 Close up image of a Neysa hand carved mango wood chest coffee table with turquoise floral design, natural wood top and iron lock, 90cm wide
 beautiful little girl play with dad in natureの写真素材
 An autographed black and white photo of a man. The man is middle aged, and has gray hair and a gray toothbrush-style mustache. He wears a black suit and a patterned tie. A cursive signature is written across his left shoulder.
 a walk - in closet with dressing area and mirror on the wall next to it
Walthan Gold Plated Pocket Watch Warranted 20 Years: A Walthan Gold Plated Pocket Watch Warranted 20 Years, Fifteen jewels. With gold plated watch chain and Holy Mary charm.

----------------

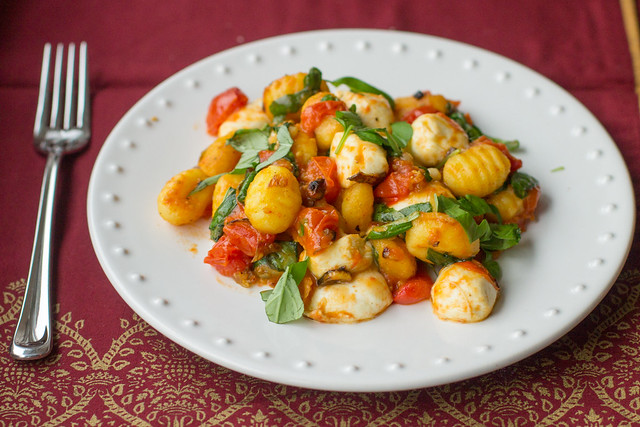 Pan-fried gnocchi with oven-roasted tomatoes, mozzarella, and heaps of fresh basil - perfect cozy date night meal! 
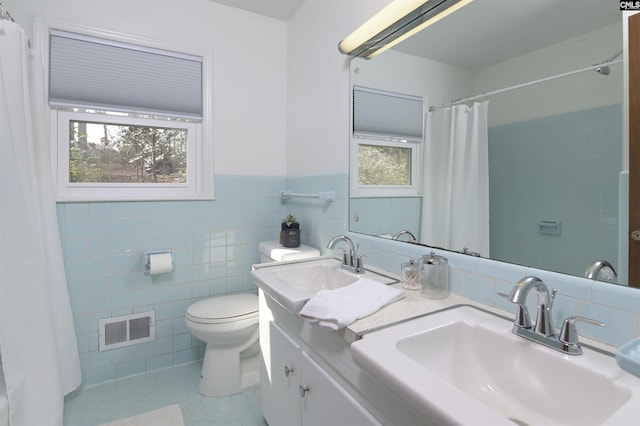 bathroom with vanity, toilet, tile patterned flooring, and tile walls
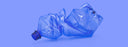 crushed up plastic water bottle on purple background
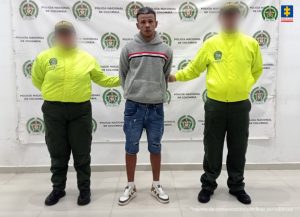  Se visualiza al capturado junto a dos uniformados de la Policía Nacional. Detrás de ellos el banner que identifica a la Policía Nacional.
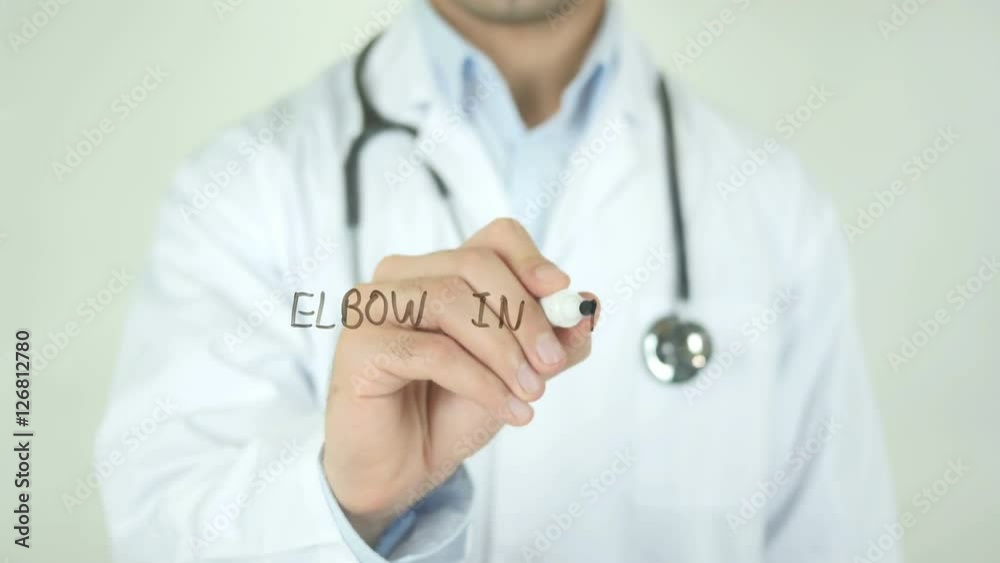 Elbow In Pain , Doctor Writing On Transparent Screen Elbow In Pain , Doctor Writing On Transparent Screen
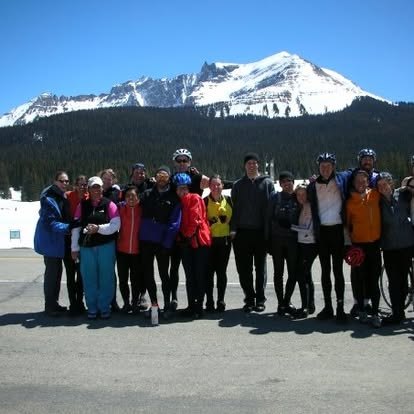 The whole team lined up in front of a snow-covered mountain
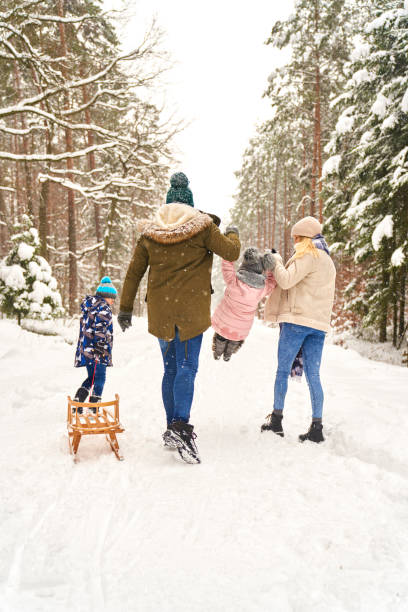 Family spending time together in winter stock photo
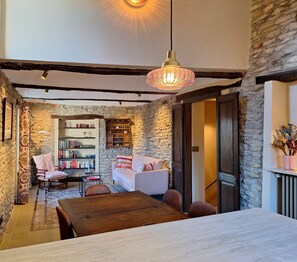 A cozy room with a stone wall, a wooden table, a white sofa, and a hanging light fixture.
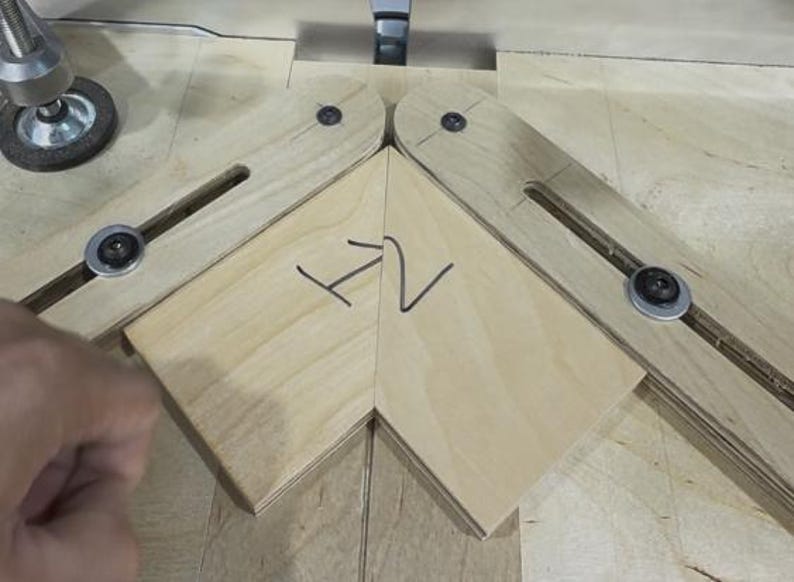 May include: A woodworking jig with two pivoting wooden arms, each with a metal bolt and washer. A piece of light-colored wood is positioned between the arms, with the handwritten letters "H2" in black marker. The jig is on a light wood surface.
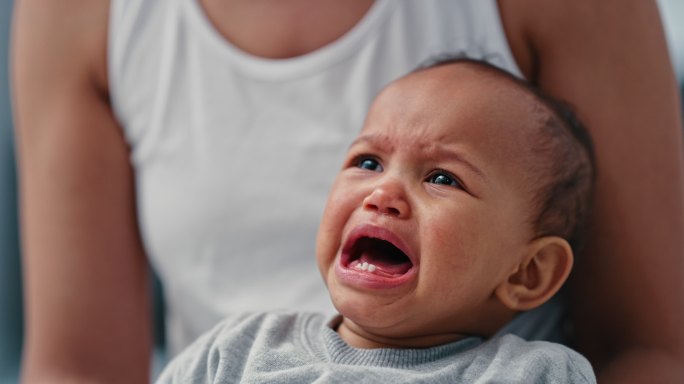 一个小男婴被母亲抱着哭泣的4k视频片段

----------------

### WHAT THE TASK ASKS
Using the material above, transcribe exactly the lines from the one holding "The whole team" to the one holding "一个小男婴被母亲抱着哭泣的4k视频片段", both ends kept. Do not carry over any pictures.

### ANSWER TO THE EXERCISE
 The whole team lined up in front of a snow-covered mountain
 Family spending time together in winter stock photo
 A cozy room with a stone wall, a wooden table, a white sofa, and a hanging light fixture.
 May include: A woodworking jig with two pivoting wooden arms, each with a metal bolt and washer. A piece of light-colored wood is positioned between the arms, with the handwritten letters "H2" in black marker. The jig is on a light wood surface.
 一个小男婴被母亲抱着哭泣的4k视频片段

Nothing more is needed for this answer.